Die Konstellation ist einzigartig: Mit der Credit Suisse, der Deutschen Bank und Standard Chartered müssen gleich drei Firmenchefs «ihre» Bank für die Zukunft fit machen. Nutzniesserin könnte die CS sein.
Das gab es in der jüngeren Bankengeschichte noch nie: Drei global tätige Finanzinstitute Europas haben neue Chefs, die grosse Strategiepläne wälzen und in den nächsten Wochen ankündigen werden, was geschehen soll: Tidjane Thiam bei der Credit Suisse (CS), John Cryan bei der Deutschen Bank sowie Bill Winters beim britisch-asiatischen Konzern Standard Chartered.
Die Gemeinsamkeiten: Alle drei Chefs sind seit mehr oder weniger 100 Tagen im Amt. Das heisst, die Schonzeit ist vorüber, und die Aktionäre sowie die Beschäftigten erwarten klare Ansagen zur neuen Strategie. So überrascht es nicht, dass alle drei Chefs von ihrem ersten Arbeitstag an unter Hochdruck standen.
Zu gross, zu ineffizient, zu viele Risiken
Thiam, Cryan und Winters müssen die Komplexität in ihren jeweiligen Banken reduzieren und das Kapital effizienter einsetzen. Standard Chartered etwa hatte zu lange nur das Wachstum im Fokus. Dabei ging das Institut (zu) hohe Risiken ein und korrigierte seine Fehlallokationen nicht.
Bei der Deutschen Bank ist die Investmentbank unter den heutigen Verhältnissen zu gross geworden. Sie betreibt Geschäfte, die unter den neuen Kapitalanforderungen nicht mehr profitabel sind oder nicht einmal die Kapitalkosten erwirtschaften. Im Heimmarkt hat die Deutsche Bank zudem mit der Postbank ein Anhängsel, das nie richtig zum Konzern passte. Und last but not least kommt die Vermögensverwaltung (Wealth Management) kaum vom Fleck.

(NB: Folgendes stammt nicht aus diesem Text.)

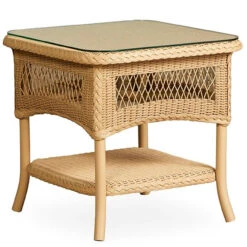 Lloyd Flanders Universal Loom 21" Square Side Table 11 Lloyd Flanders Universal Loom 21" Square Side Table -Patio Furniture Store 66143A edited 90780.1698862371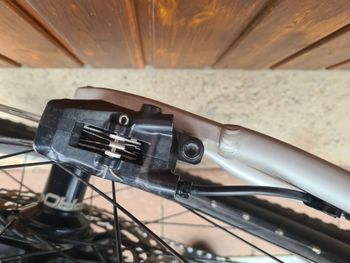 Used Propain Spindrift Shimano Deore 2022 Mountainbike, Light Gray, 29 — image 9 of 11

Auf der Suche nach Aktionärswert
Bei der CS wiederum hinterliess die strategische Ausrichtung in den vergangenen Jahren viele offene Fragen. Ausserdem ist die Bank bezüglich Eigenkapital schwach auf der Brust.
Die Investmentbank bindet zu viel Kapital, betreibt zu viele Geschäfte, die wenig oder keinen Aktionärswert schaffen, und das Wealth Management ist in den vergangenen sechs Jahren viel zu langsam respektive viel zu geringfügig gewachsen.
Allerdings wären sowohl Thiam wie auch Winters und Cryan schlechte Strategen, wenn sie in der jetzigen Situation nicht auch Opportunitäten sähen – für einen Befreiungsschlag, für einen Neustart.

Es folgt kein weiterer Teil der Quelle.